In other words: I enjoyed myself—in a way that was, I think, almost spiritual. Or, not almost—actually spiritual.
And that’s it. It’s just a small glimpse, I know, and its just the beginning. But if I could live every day of my life like this one—if I could be exactly the person I decided to be today, that I saw myself being today, this life would be a sampling of heaven. Even when the skies are gray. Even when I’m tired. Even when I’m a little sad for some reason or another. I want to have this feeling, exactly this feeling. I want to feel, very deep down inside, as far as the very end of me—the very deepest part where the caverns end and no path runs through anymore—there is peace.
That, for me, is enlightenment, and now that I have glimpsed it, and called it by its name (for I have glimpsed it many times in my life, of course, and knew it was what I wanted, but hadn’t named it yet, and therefore hadn’t been able to make it an actual goal) … Now that I have seen it, and recognized it, and called it by its proper name, I finally know that it is real. And more than that: I believe that it is possible for me.
And so, that’s it. I have found a piece of enlightenment, just as I’d hoped that I would. And I hope that it stays, or that if it goes away for a little while, it will eventually come back, and that you and I will see it one day again, in each others’ eyes and in the eyes of other people we know who see it, too.
Until then, I have nothing more to say on the subject.
Enlightenment is possible for me. And not only possible, but happening … a little.
And that’s something to be grateful for.
And so, I am on my way. No, wait—I am not on my way. (Have I learned nothing from reading this journal again?) I am there.
I am there, not because I’ve arrived, but because I’m on the path … and the path is the only place any of us can ever really be.
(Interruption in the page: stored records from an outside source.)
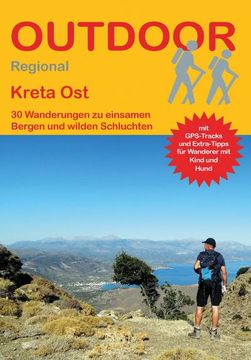 portada Kreta ost (in German)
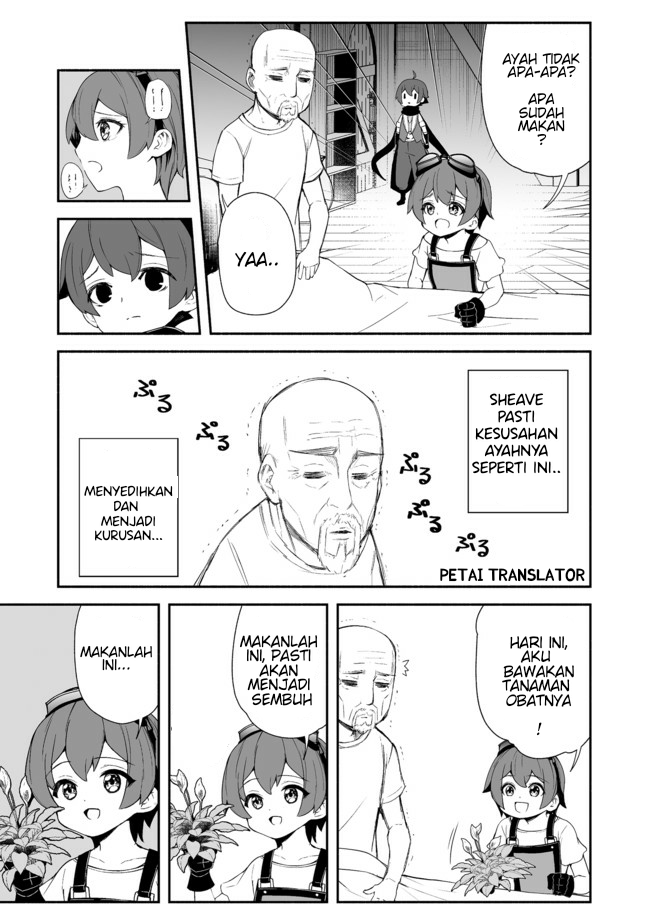 Chapter 11 - halaman 21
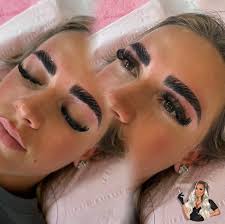 Nice to see the 725 serving the Chelwood Avenue bus stop again after all  that debacle with it. :)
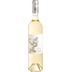 Cuvée "Eole" Var IGP trocken - Château Clarettes 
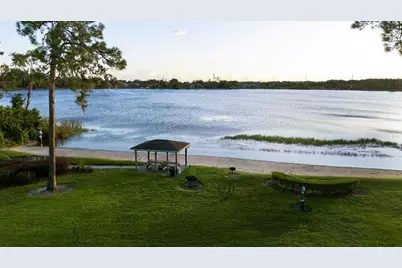 3998 Atrium Drive #U-1, Orlando, FL 32822 - Photo 41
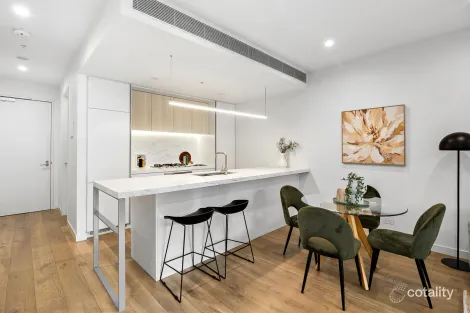 Property photo of 102/2A Kenilworth Grove Glen Iris VIC 3146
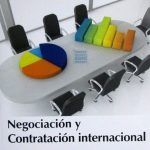Negociación Y Contratación Internacional - Ediciones De La U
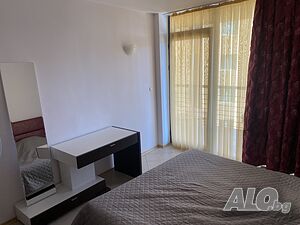 image_5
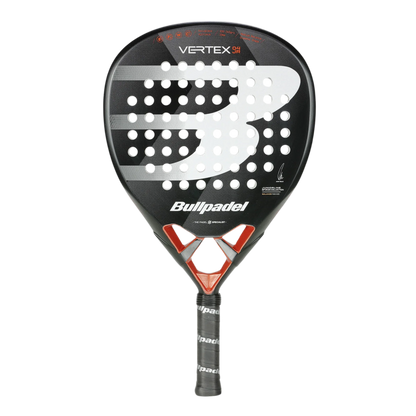 Bullpadel Vertex Junior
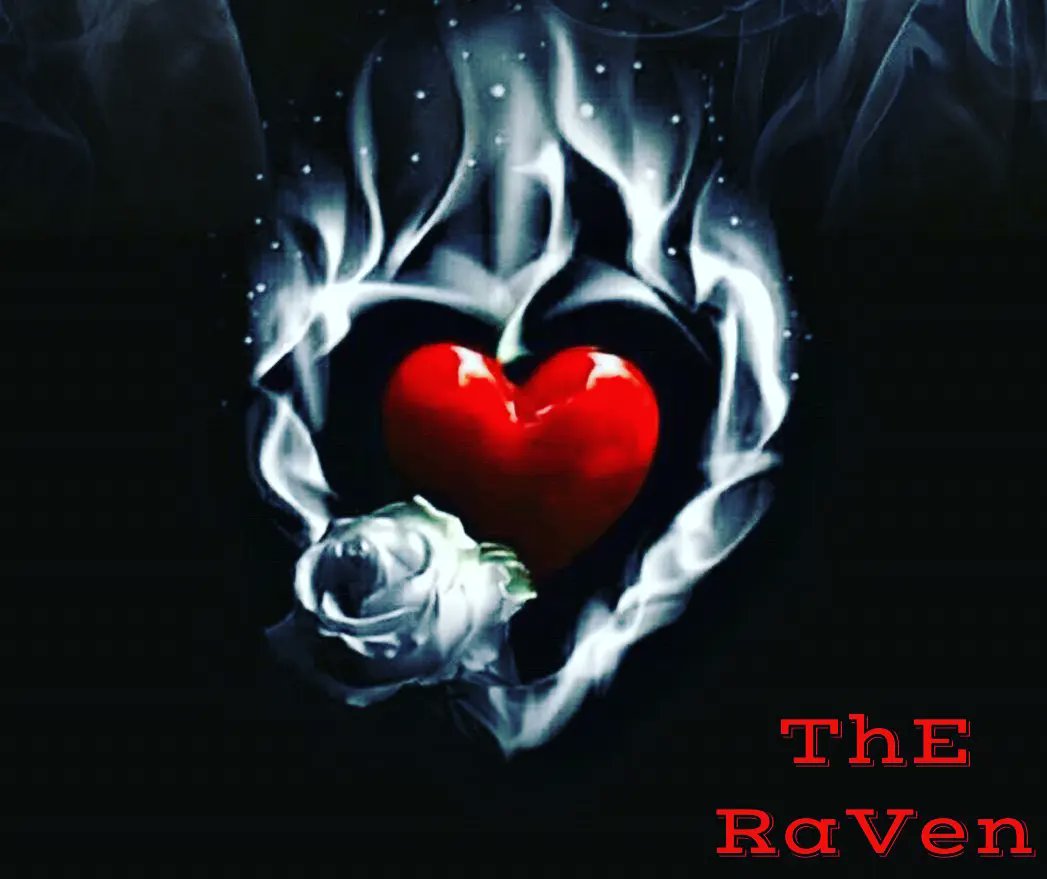 #theraven #eyeofapoet 🎨
instagram.com/p/CkZiZUSu3Uq/
#ladypproduction #enchantment 🎧 #IknowimrightaboutIt #settleddust #thefireisok #letloverule pennypublishings.com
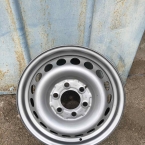 R16 W6.5 PCD 6/130 DIA58.1 ET62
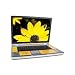 TOSHIBA QOSMIO LAPTOP w 1 8 GHz CENTRINO 512 MB RAM 40 GB HARD DRIVE DVD CD BURNER PLAYER WIRELESS CARD BLUETOOTH WIN XP MEDIA CENTER EDITON 17 WIDESCREEN 418PNQs881L. SL75 TOSHIBA QOSMIO LAPTOP w 1 8 GHz CENTRINO 512 MB RAM 40 GB HARD DRIVE DVD CD BURNER PLAYER WIRELESS CARD BLUETOOTH WIN XP MEDIA CENTER EDITON 17 WIDESCREEN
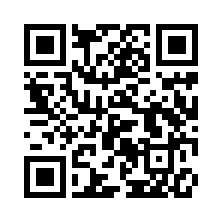 QR Code for 3Bnn7RHdPL7rStXKZZeSkriruuLmnAXD1z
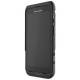 Honeywell CT47, 2D, 14cm (14 cm ( 5,5 Zoll )), GPS, warm-swap, USB-C, BT, WLAN, 5G, NFC, Android, GMS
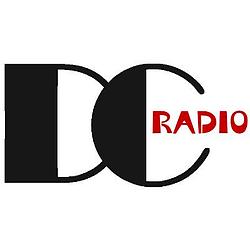 DreamCity WebRadio logo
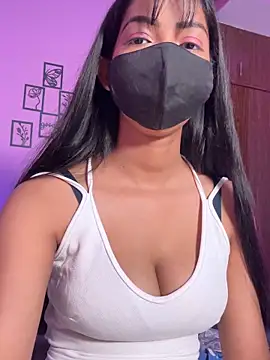 Neha18 online show from February 2026 12:20:01 PM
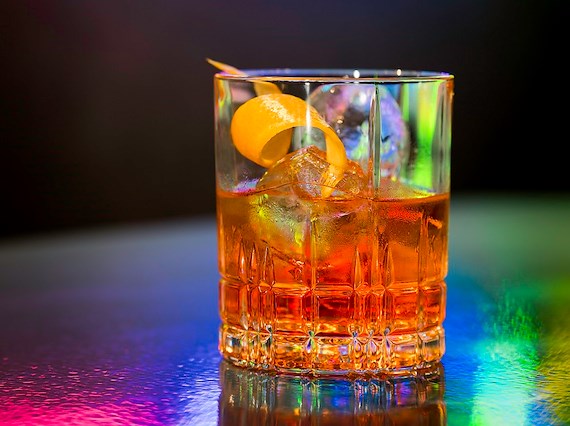 discovery-drinks.jpg
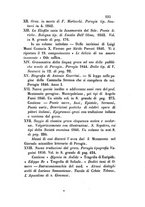 giornale/UM10011657/1860/unico/00000199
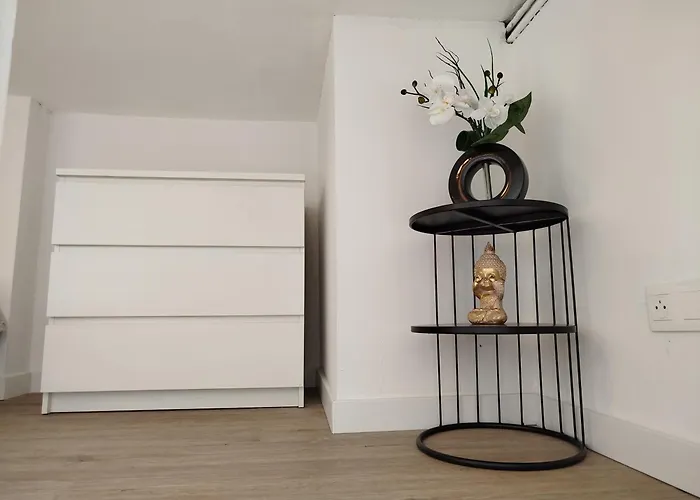 Appartamento Mezzanine Cannes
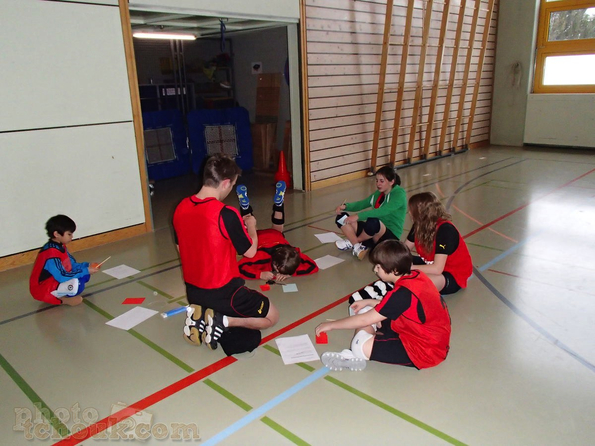 20130323_CampJuniorAccueil_0001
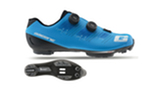 SAPATILHAS GAERNE G.KOBRA LIGHT BLUE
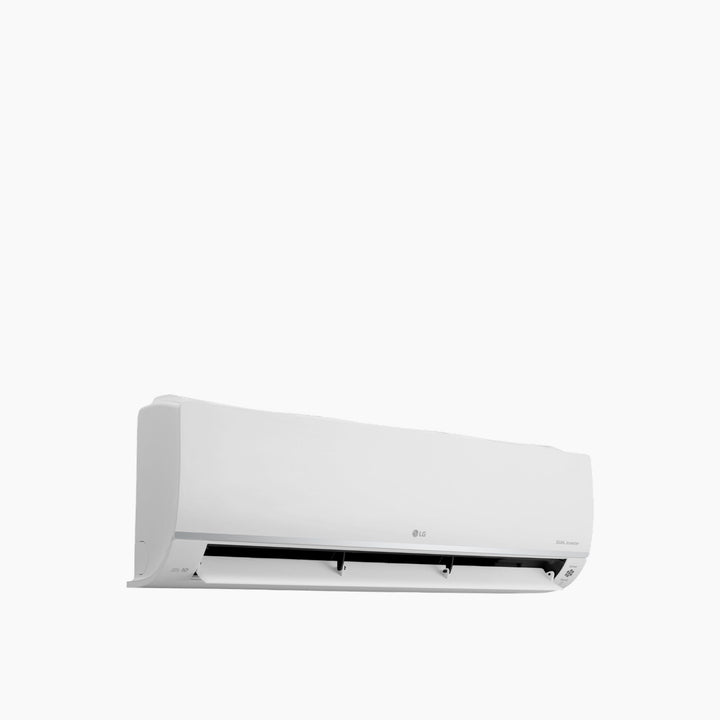 LG Dual Inverter AC 1.5 Ton,Energy Saving Fast Cooling,WIFI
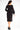  Daydress model 187172 awama 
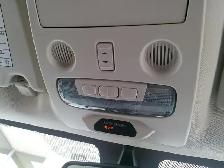 2022 Ford EcoSport Titanium 4WD for sale - Photo 22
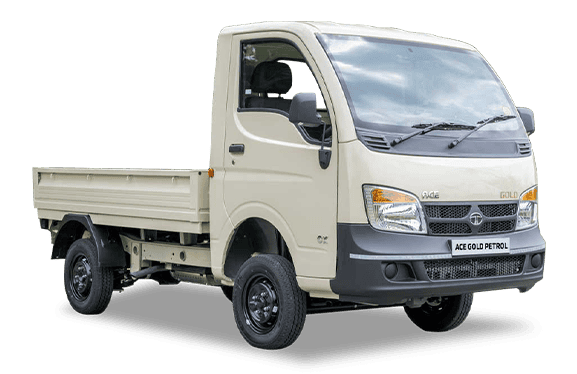 tata ace image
We are learning. We are growing. We are figuring out how to like who we are, right now, deep down essentially at our core—before another single thing has been changed. We are flawed, but we are working on it. And isn’t that really the whole point?
Just working on it.
As I read back over this journal, I’m struck by several things. One is how deeply flawed I was while writing it (and still am). And the other is how hard I was trying not to be.
It’s going to be a little difficult to share this book with the world. It’s going to feel pretty hypocritical when people point out (as they inevitably will) how much this “teacher” has to learn. But when I read over these pages, I am actually okay with what I see.
I see someone who was seeking and striving. I see someone who always wanted to improve. And I see a lot of glimpses of the person I am now, and will be more of: the person who is happy and at peace.
I am not enlightened—but I’m lighter.